Boeing 787-9 Orders: A Significant Investment
The ten firm orders for the Boeing 787-9 aircraft are valued at approximately $1.47 billion, based on estimated delivery prices from Cirium Ascend. These state-of-the-art aircraft are expected to bolster JAL’s long-haul capabilities, offering improved fuel efficiency and passenger comfort.
The Significance of the 787-9
The Boeing 787-9 Dreamliner is renowned for its long-range capabilities, fuel efficiency, and advanced passenger amenities. By incorporating these aircraft into its fleet, JAL aims to enhance its operational efficiency and reduce its environmental footprint. The airline’s commitment to sustainability and innovation is evident in this substantial investment.

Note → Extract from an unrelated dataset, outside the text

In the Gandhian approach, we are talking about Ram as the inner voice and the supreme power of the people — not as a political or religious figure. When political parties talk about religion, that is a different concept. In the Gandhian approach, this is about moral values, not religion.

Airbus Commitments: A Broader Fleet Strategy
In addition to its Boeing orders, JAL is also expected to finalize tentative orders from Airbus during the air show. Back in March, the airline announced plans to purchase 21 Airbus A350-800s and 11 A321neos, along with 10 Boeing 787 jets. These acquisitions align with JAL’s strategy to diversify its fleet and leverage the strengths of both Airbus and Boeing aircraft.
Why the Airbus A350-800 and A321neo?
The Airbus A350-800 and A321neo are pivotal to JAL's future fleet. The A350-800, with its superior range and fuel efficiency, is ideal for long-haul routes, while the A321neo offers enhanced performance and lower operating costs for short to medium-haul flights. Together, these aircraft will enable JAL to optimize its route network and improve operational flexibility.
The Bigger Picture: JAL's Future Prospects
These new orders and commitments underscore JAL's ambitious growth plans and its focus on offering a superior flying experience. By integrating the latest aircraft technology from both Boeing and Airbus, JAL aims to set new standards in passenger comfort, operational efficiency, and environmental sustainability.
Enhancing Passenger Experience
With the addition of the Boeing 787-9 and Airbus A350-800 to its fleet, JAL is poised to offer a significantly enhanced passenger experience. These aircraft feature larger windows, quieter cabins, and advanced air filtration systems, contributing to a more pleasant and comfortable journey for travelers.
Commitment to Sustainability
JAL's fleet modernization efforts also reflect its commitment to sustainability. Both the Boeing 787-9 and Airbus A350-800 are designed with advanced aerodynamics and fuel-efficient engines, resulting in lower carbon emissions. This aligns with JAL's broader environmental goals and its efforts to promote sustainable aviation practices.
Conclusion: A New Era for Japan Airlines
Japan Airlines’ strategic fleet expansion, marked by its significant orders with Boeing and Airbus, represents a new era for the airline. By investing in the latest aircraft technology, JAL is well-positioned to meet the evolving needs of its passengers while advancing its operational and environmental objectives. The developments at the Farnborough Airshow highlight JAL's commitment to excellence and its vision for the future of air travel.